Shlomo Filber, suspected of swaying government decisions in favor of Bezeq, told to stay away from office for another month

Shlomo Filber, director of the Communication Ministry, speaks at the Knesset in Jerusalem on July 24, 2016. (Yonatan Sindel/Flash90)
Shlomo Filber, director of the Communication Ministry, speaks at the Knesset in Jerusalem on July 24, 2016. (Yonatan Sindel/Flash90)

A court on Monday extended the ban on the director general of the Communications Ministry from his office for a further month, amid an investigation into suspected criminal wrongdoing.

Shlomo Filber is suspected to have worked illicitly to advance the interests of Bezeq, Israel’s largest telecommunications firm.

The court ordered him to continue to refrain from contacting officials at Bezeq and its related companies and officials at the Justice Ministry.

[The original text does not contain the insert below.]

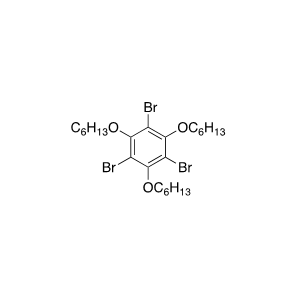 [1972642-52-6]   1,3,5-tribromo-2,4,6-tris(hexyloxy)benzene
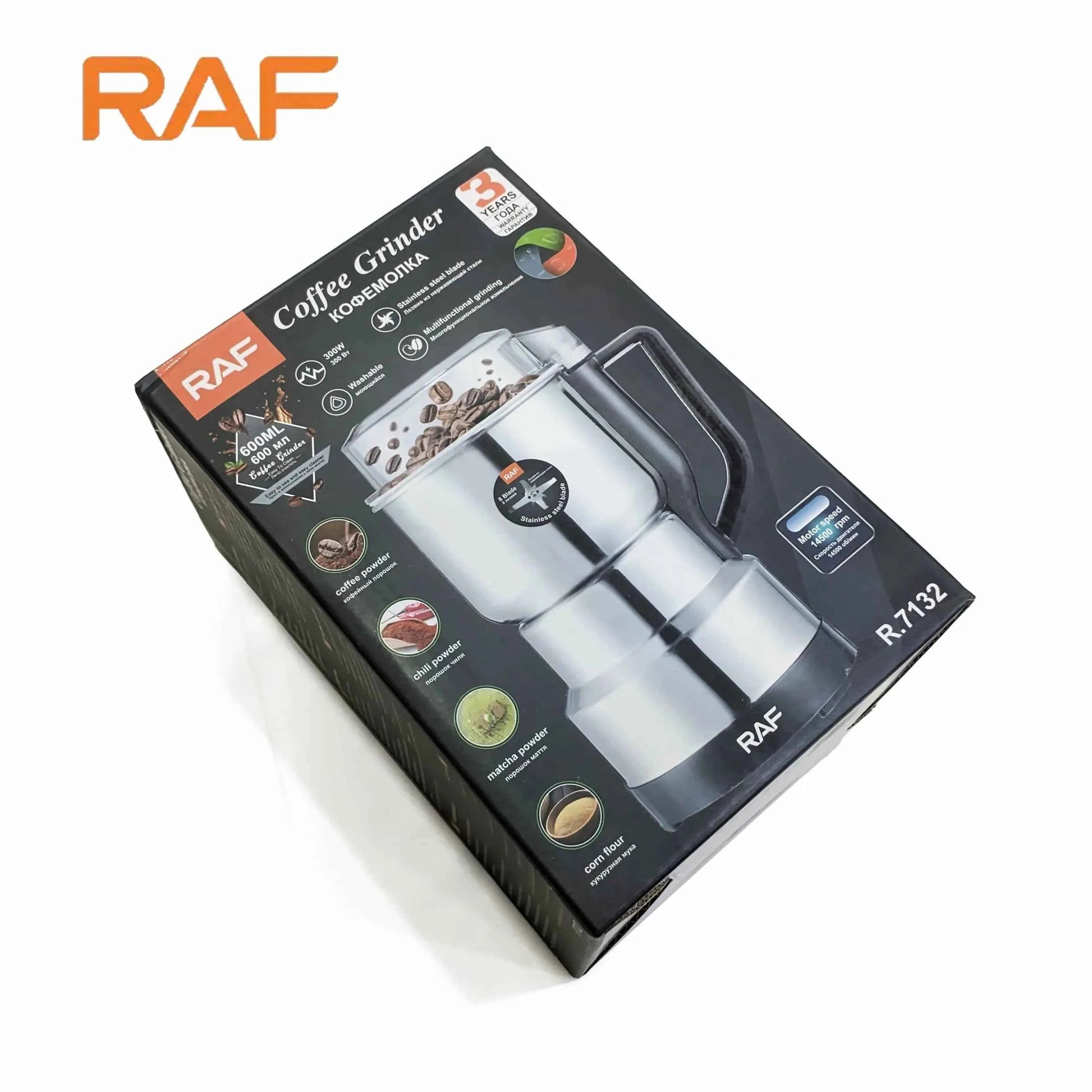 RAF Electric Masala & Coffee Grinder – 300W - Zam Zam Store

The Tel Aviv Magistrate’s Court extended the restrictions it placed on Filber two months ago, it said in a statement. Filber is banned from any contact, direct or indirect, with his employees at the ministry until a decision is made about his temporary suspension from the post.

Filber had opposed the extension to the ban, while the Israel Securities Authority requested the ban be extended by five weeks.

“According to the material presented to me, the director general of the Communications Ministry was involved in many activities that raise the suspicion of criminal activity,” Judge Ronit Poznanski-Katz wrote in her judgment. “Additional material was added today that reinforces the reasonable suspicion.”

The legal adviser of the ISA told the court that Filber had “deleted various communications from his cellphone.”

Also on Monday, the court agreed to a request from the ISA to extend the restrictions placed on Bezeq secretary Linor Yochelman until November 1.

Although Yochelman recently returned to work at Bezeq she is barred from leaving the country or contacting any of the other involved in the investigation. However, the authority has allowed her to contact several people who she was previously forbidden to contact.

On July 26 the court instructed Filber to continue to be available, as needed, for interrogations and not to contact investigators directly or indirectly. He was also barred from accessing computer files that are connected to the investigation. The court also kept in place the requirement that Filber not leave the country for 180 days starting July 12 and maintained the NIS 400,000 ($112,000) bond requirement.

An ally and appointee of Prime Minister Benjamin Netanyahu, Filber was interrogated by the Israel Security Authorities earlier this month on suspicions of ethics violations and securities fraud regarding his involvement with Bezeq, headed by Shaul Elovitch, said to be a friend of the Israeli premier.

Filber, Netanyahu and Elovitch have denied any wrongdoing.

Shoshanna Solomon contributed to this report.